Task description: Exactly as they appear, copy the lines from the start of the entries below to the line containing "Low angle view of lightning in sky at night", both ends included.

• • •

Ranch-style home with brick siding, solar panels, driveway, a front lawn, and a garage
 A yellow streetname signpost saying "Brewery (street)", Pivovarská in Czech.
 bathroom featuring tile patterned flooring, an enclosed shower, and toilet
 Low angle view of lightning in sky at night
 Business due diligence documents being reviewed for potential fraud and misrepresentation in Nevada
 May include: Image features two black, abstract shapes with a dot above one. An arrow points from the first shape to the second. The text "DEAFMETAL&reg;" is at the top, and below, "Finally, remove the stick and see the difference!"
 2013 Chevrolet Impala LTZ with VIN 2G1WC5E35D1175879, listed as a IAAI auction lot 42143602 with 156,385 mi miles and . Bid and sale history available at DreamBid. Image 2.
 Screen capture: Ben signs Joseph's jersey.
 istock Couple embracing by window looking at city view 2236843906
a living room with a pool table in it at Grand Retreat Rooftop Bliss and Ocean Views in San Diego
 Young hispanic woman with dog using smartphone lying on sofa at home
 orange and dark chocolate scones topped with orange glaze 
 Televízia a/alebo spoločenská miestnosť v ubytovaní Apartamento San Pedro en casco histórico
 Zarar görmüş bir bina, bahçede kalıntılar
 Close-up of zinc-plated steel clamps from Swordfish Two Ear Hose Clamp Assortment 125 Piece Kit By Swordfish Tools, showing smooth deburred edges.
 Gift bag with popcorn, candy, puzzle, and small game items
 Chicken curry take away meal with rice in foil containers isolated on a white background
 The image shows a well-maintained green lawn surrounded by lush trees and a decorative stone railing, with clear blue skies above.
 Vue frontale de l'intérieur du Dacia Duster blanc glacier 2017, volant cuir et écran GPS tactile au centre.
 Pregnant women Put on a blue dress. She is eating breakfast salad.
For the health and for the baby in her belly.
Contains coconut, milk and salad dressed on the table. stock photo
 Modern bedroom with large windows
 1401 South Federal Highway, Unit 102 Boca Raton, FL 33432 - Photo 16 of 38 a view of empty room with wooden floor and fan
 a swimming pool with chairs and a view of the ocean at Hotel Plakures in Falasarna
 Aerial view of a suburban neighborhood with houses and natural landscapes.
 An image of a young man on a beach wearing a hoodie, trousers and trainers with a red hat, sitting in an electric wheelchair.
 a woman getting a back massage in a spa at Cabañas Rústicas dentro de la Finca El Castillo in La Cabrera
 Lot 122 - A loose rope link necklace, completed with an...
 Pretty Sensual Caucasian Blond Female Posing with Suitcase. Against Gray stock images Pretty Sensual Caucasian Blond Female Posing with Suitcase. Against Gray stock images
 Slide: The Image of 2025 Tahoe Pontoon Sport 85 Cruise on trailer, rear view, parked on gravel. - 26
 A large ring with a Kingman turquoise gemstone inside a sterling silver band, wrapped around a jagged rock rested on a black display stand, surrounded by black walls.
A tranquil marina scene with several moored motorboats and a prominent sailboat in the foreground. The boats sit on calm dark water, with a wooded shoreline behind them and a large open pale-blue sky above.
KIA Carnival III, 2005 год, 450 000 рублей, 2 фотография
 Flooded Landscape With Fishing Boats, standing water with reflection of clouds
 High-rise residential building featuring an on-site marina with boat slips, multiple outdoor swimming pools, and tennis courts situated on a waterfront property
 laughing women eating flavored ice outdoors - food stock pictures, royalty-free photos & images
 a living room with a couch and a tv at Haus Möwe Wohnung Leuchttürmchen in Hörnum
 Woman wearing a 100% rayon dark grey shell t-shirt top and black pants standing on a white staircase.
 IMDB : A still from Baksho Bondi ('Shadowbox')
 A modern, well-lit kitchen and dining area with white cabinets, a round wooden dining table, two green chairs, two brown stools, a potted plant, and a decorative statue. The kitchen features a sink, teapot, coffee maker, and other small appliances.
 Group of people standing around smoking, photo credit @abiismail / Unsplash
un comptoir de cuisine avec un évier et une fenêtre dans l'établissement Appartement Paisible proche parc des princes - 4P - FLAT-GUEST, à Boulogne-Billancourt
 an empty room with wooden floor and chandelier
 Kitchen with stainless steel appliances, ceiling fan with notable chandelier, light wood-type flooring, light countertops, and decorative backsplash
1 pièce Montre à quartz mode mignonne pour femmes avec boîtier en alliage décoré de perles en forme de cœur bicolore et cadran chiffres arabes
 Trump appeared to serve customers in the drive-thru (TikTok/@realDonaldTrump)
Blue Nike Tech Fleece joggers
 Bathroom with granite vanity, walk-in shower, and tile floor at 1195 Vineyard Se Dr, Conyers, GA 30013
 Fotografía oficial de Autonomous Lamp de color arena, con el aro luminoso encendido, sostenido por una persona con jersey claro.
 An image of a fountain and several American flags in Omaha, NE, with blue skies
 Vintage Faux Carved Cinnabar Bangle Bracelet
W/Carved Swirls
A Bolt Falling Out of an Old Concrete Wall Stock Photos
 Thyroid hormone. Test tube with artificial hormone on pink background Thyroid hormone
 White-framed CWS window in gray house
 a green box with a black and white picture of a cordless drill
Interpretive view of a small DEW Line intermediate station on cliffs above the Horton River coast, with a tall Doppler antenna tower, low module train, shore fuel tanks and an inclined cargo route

• • •

Result:
Ranch-style home with brick siding, solar panels, driveway, a front lawn, and a garage
 A yellow streetname signpost saying "Brewery (street)", Pivovarská in Czech.
 bathroom featuring tile patterned flooring, an enclosed shower, and toilet
 Low angle view of lightning in sky at night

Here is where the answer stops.